Specifically talking about the condo market and the fact that I am expecting prices to continue to rise in double digits in the months ahead, the question that people are asking me is what could stop this run, what could change this trajectory? I mean, obviously, it’s a great time to buy a condo right now because you’re basically guaranteed that that condo is going to go up by double digits in the next year ahead, unless there’s some dramatic change to the market. What could be a dramatic change to the market that might affect this?
Well, number one is if we see some kind of a massive inventory increase. If we do see a huge amount of new supply coming on to the market, that would obviously affect the supply-and-demand equation and bring that sales-to-listing ratio down to more historical levels. I don’t anticipate that happening. I don’t see how that could happen. I don’t see a massive sell-off of condos happening any time soon, especially since, again, prices are rising and people are still buying and there’s still a relatively, certainly affordable compared to purchasing a detached house.

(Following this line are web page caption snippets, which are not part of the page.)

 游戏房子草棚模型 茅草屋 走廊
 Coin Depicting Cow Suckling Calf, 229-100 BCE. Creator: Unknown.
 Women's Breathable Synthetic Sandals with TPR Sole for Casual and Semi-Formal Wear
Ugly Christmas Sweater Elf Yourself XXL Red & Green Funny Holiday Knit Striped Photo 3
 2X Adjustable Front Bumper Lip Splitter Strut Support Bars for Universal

The other thing that could stop this run, obviously, and something that’s always true is a recession. If there’s some kind of a major recession or major economic shock to the economy overall, that certainly could have an effect on things. Again, it’s not something that anybody is anticipating at this point.

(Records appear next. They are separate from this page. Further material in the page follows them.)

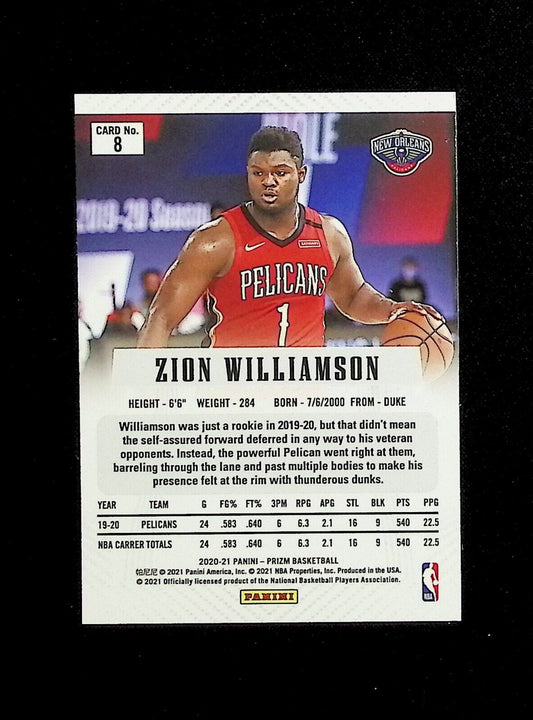 2020-21 Panini Prizm Silver Flashbacks Zion Williamson #8 New Orleans Pelicans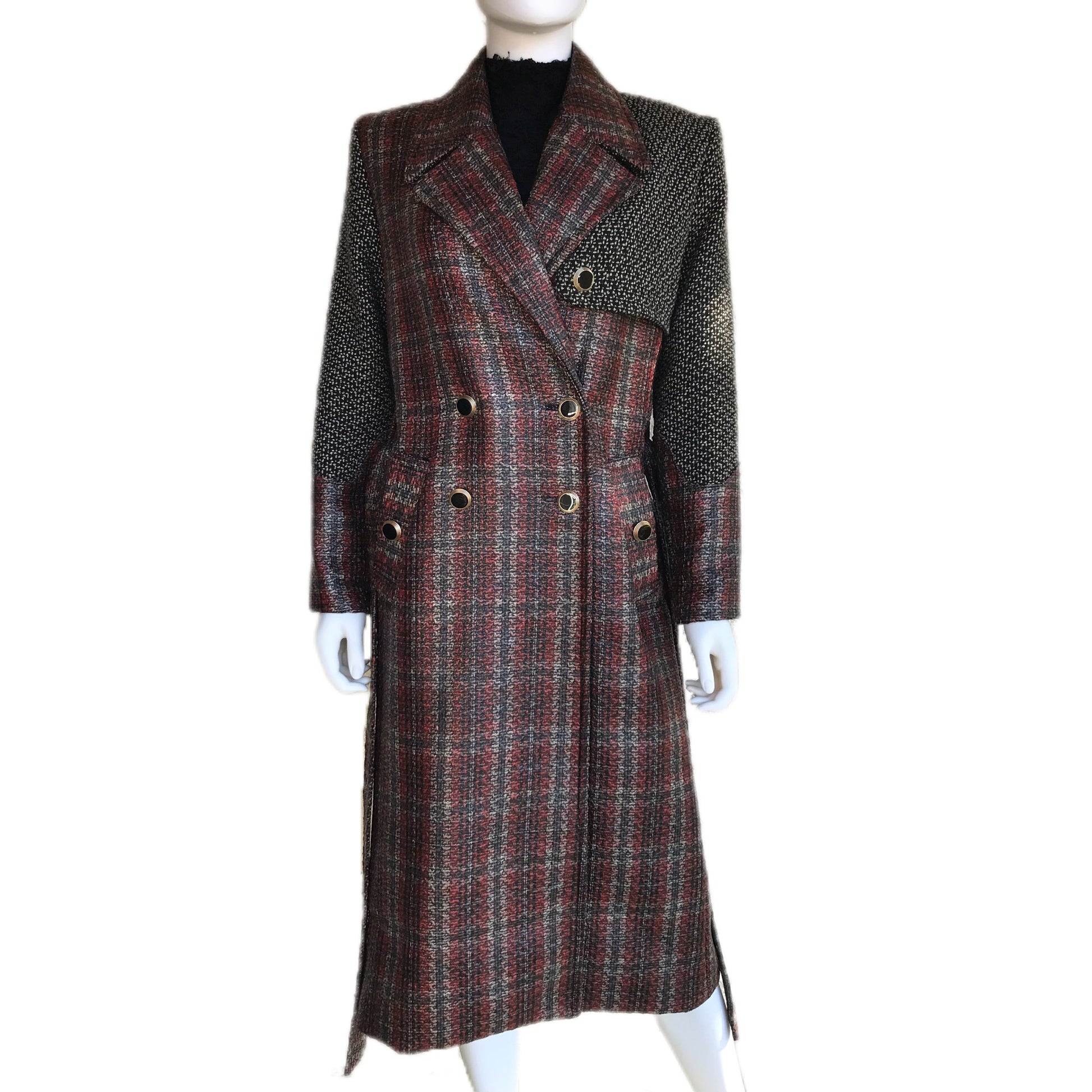 Baked Apple Plaid Laminated Tweed Trench Coat - Sz. Small - Waterproof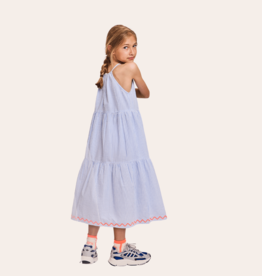 Ao76 lange gestreepte katoenen jurk in blauw wit chui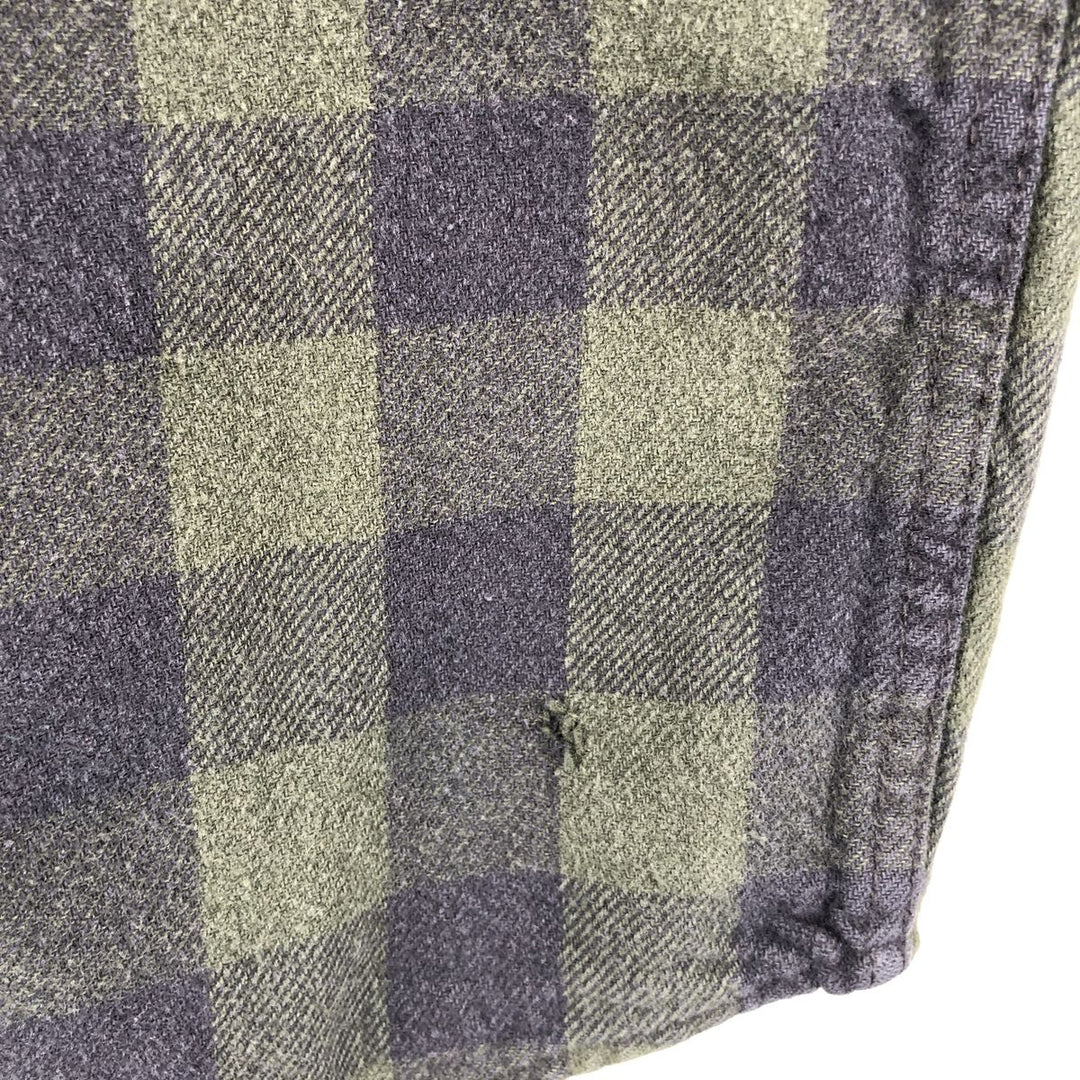 FIELD and STREAM Buffalo Check Long Sleeve Heavy Flannel Check Shirt, Men's Size L unclear Green type dark green Vintage Second Hand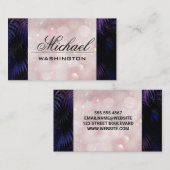 Carte De Visite Bokeh rose | Palmiers (Devant / Derrière)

The third thing is, if buyers switch back into houses. The buyers that have been priced out of the housing market and they’re now buying condos like crazy, if those buyers, if condo prices continue to rise and house prices continue to be flat, the gap in price in between those two property types shrinks, at some point, the buyers will switch back, so to speak, to buying houses. If the demand shifts over and the market overall more towards houses and moving away from condos, then we may see the condo market cooling down, and we may see the housing market heating up.
At some point, this, in 2018, perhaps, that shift could start to take place as well, but again, it would have to be something incredibly dramatic for the overall trajectory of the condo market to change, that is, the trajectory right now is straight up. Even if the market cooled down, it’s still going up. It might just return to more historical norms that we’re used to.

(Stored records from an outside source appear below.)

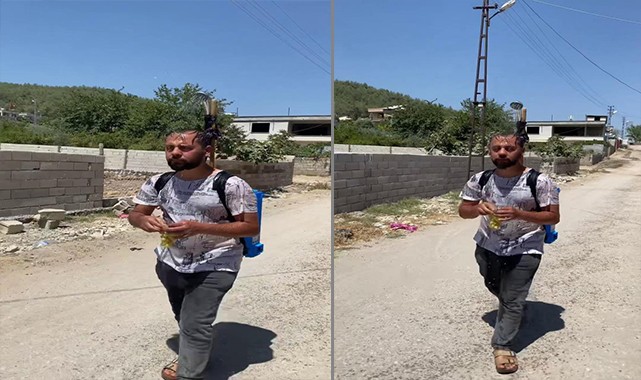 Sıcaklıklar 50 dereceyi buldu! duş başlığıyla gezdi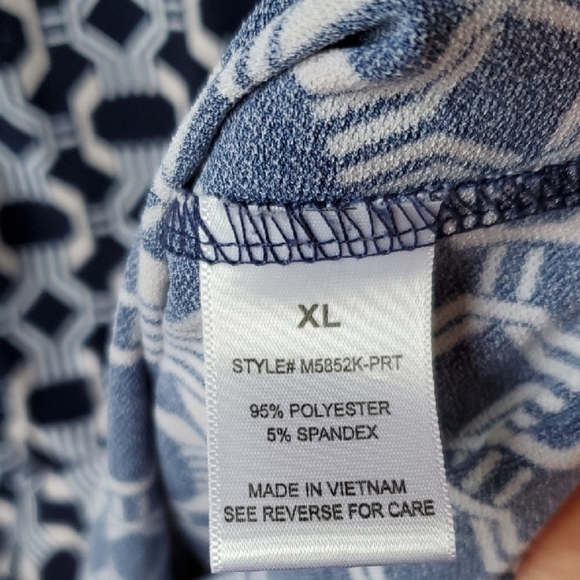 Always Indigo Blue and White Cap Sleeve Buttoned Blouse - Picture 5 of 7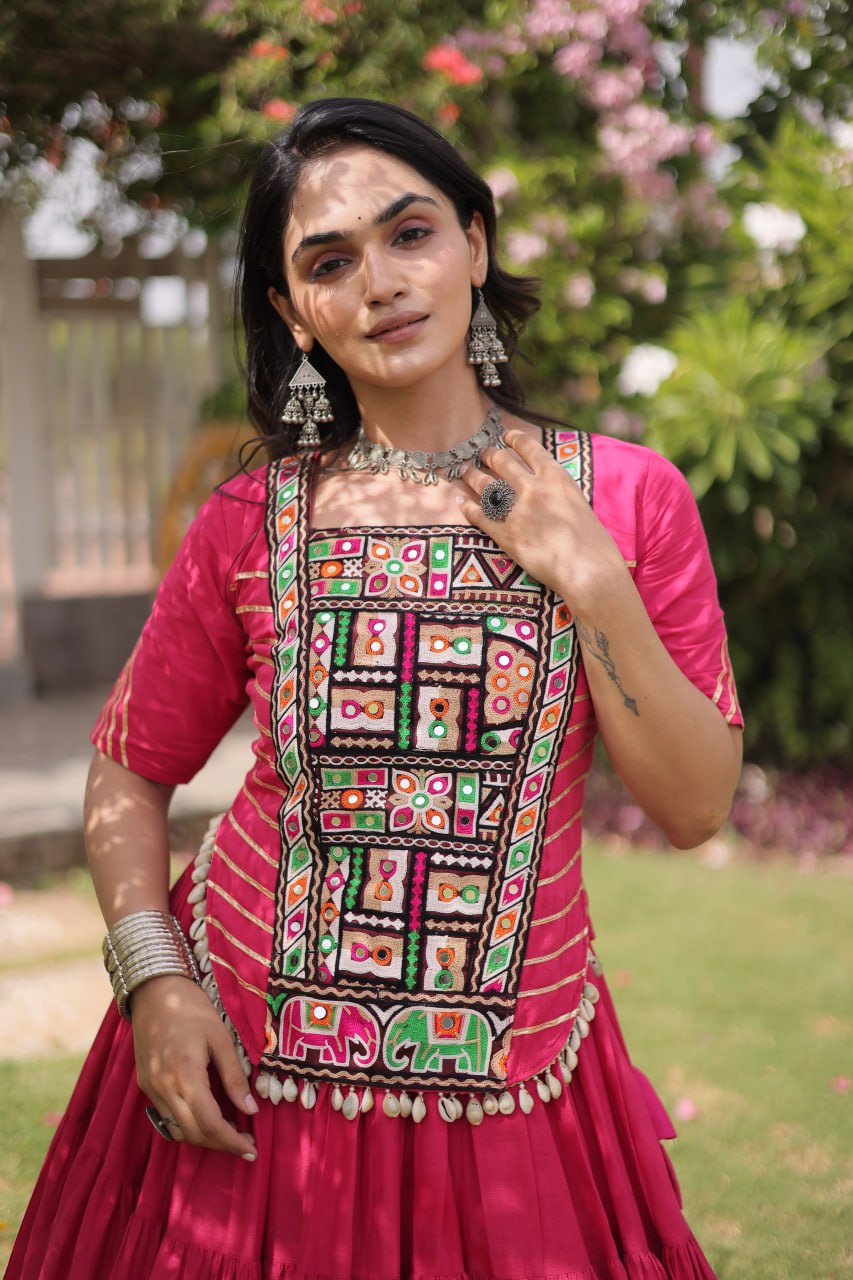 Kora Cotton Navratri Lehenga Choli with Kutchi Patchwork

There you have it. I hope you enjoyed this episode. Just in conclusion, definitely keep buying condos. If you have condos, don’t sell them, hold on to them. They are going to continue to appreciate. If you’re hearing headlines about the real estate market slowing, does not apply to the condo market, especially the downtown condo markets, so hold on to those condos if you got them. If you don’t, make sure you’re buying them, and if you already have them as well, keep adding to your portfolio right now. I know I’m certainly always looking to add to my portfolio.
I haven’t bought anything in a few months now. Looking to add something soon. I’m almost at that point where I’m read to jump back into the market myself, looking for and getting ready for that opportunity. I’m almost financially there again after making some big purchases earlier in 2017.
Finally, stay away from houses. If you’re looking for investment, I would say stay away from houses for now, detached housing. The market there is very flat. The pressure is down. At some point in 2018, that will probably change. I would think it’s going to happen in 2018, but we’ll have to see how the market goes and see, again, watch that sales-to-listing ratio. That’s going to be our key indicator that we’re watching every month to see what’s happening in the market.